Marie-Sandrine Lamoureux
Le problème est ailleurs. "Dans l'école, il faudrait tout changer, affirme l'enseignante. "Un élève parle en moyenne 40 secondes par jour. Comment cela est-ce possible?" Marie-Sandrine Lamoureux a dû mettre au point des techniques très élaborées pour pouvoir transmettre son savoir. Des élèves que la lecture rebute? On commence par lire L'Équipe pour parler football. On met en place un marché noir de livres, de revues, de BD et de DVD au sein de la classe. Oubliées les fiches de lecture, Marie-Sandrine Lamoureux espère que les élèves se forgeront une bibliothèque et une vidéothèque personnelle. "Ça ne peut évidemment pas fonctionner pour tous, mais un gamin de gagné et qui fréquentera plus tard une bibliothèque, un musée ou une librairie, c'est toujours ça de pris", espère-t-elle.

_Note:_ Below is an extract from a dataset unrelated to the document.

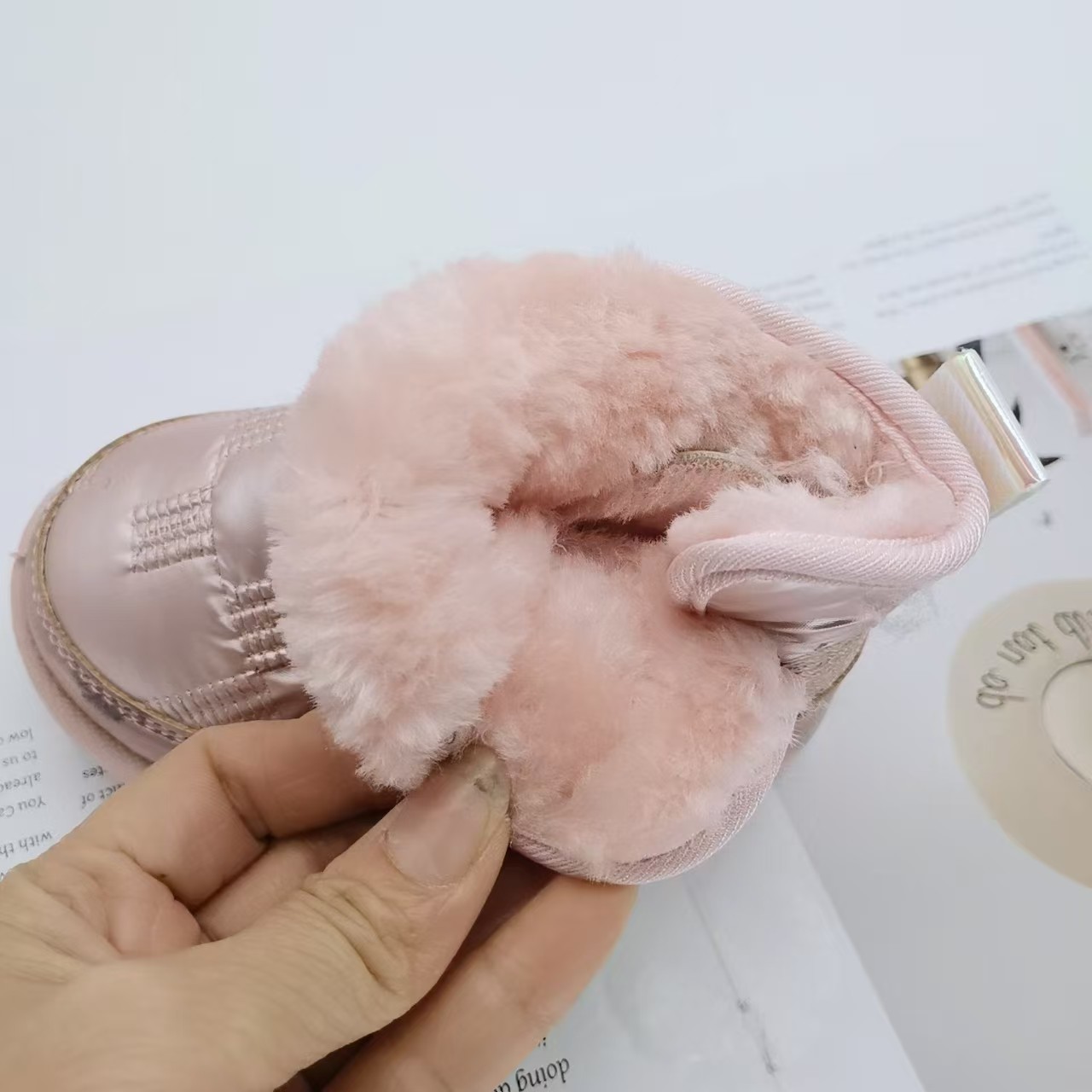 33-38 Tamaño de invierno de niños botas de nieve 2025 nuevas botas cortas para niños con botas de algodón gruesas para bebés calientes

Dans Je ne capitule pas, Marie-Sandrine donne de l'espoir. "Il y a des jours où la motivation est moins forte mais ces gamins-là, ils sont précieux et, un jour, ils vont aller voter. C'est de notre responsabilité", lance-t-elle encore. Marie-Sandrine Lamoureux n'est pas dupe, l'école ne peut pas tout, ce n'est d'ailleurs pas son rôle. "Face à l'injustice et à la misère sociale, l'école de la République ne pourra pas tout faire. Non qu'elle soit impuissante, mais elle doit occuper une juste place", écrit-elle dénonçant le procès injuste que l'on impose à l'école."Quand on nous dit que l'école a échoué, c'est un discours insupportable. L'école est le bouc-émissaire parfait".
Le prof est un passeur
Le but de Marie-Sandrine est simple et immense. Permettre à ses élèves, Jamila, Romain, Jade et Nawel de penser par eux-mêmes. "Je ne te dis pas 'comment' penser. Mais je suis 'passeur d'art', je mets à ta disposition des gens qui ont pensé, qui pensent", dit-elle à ses élèves. Même si cela passe parfois par la diffusion d'un sketch d'Elie Kakou sur les profs.

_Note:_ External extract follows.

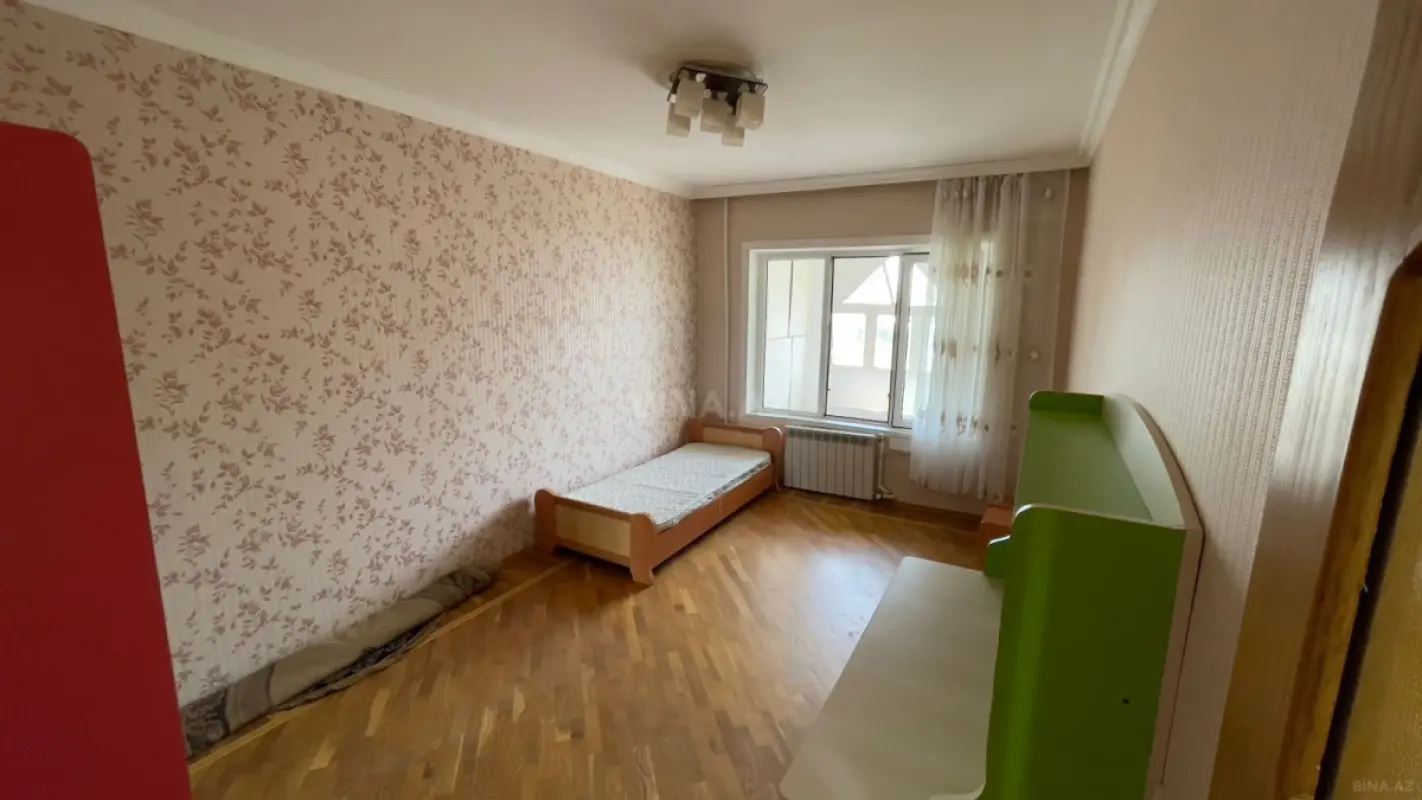 Satılır 5 otaqlı mənzil 151 m²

Dans les jours qui ont suivi Charlie Hebdo, il y a eu beaucoup de mots échangés dans la salle des profs, dans les couloirs et dans la salle de classe. Il a fallu faire face aux questions sans réponse, à la sidération des élèves et à leur incompréhension. "Il me semble que comme prof, comme citoyen, comme humain tout simplement , on doit quelque chose à [tous les proches des victimes] et que ma place auprès des élèves, si elle était déjà claire avant ces événement atroces, prend encore plus de sens", annonce Marie-Sandrine Lamoureux au début de son livre.

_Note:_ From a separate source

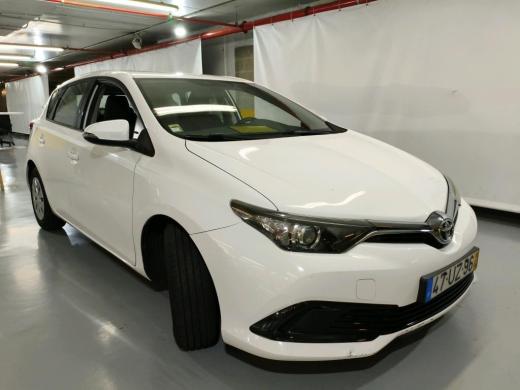 toyota-auris-2018-diesel-1364cc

C'est un manifeste pour nous convaincre de ne pas baisser les bras comme le protagoniste de Rhinocéros, la pièce de Ionesco anti-nazie qui s'écrit à la toute fin "Je ne capitule pas!". Le problème ne se résume pas au voile que portent certaines jeunes filles ou à une foi religieuse plus fervente qu'auparavant. La solution est dans les livres et le dialogue pour apprendre le vivre ensemble, la laïcité et l'humanisme.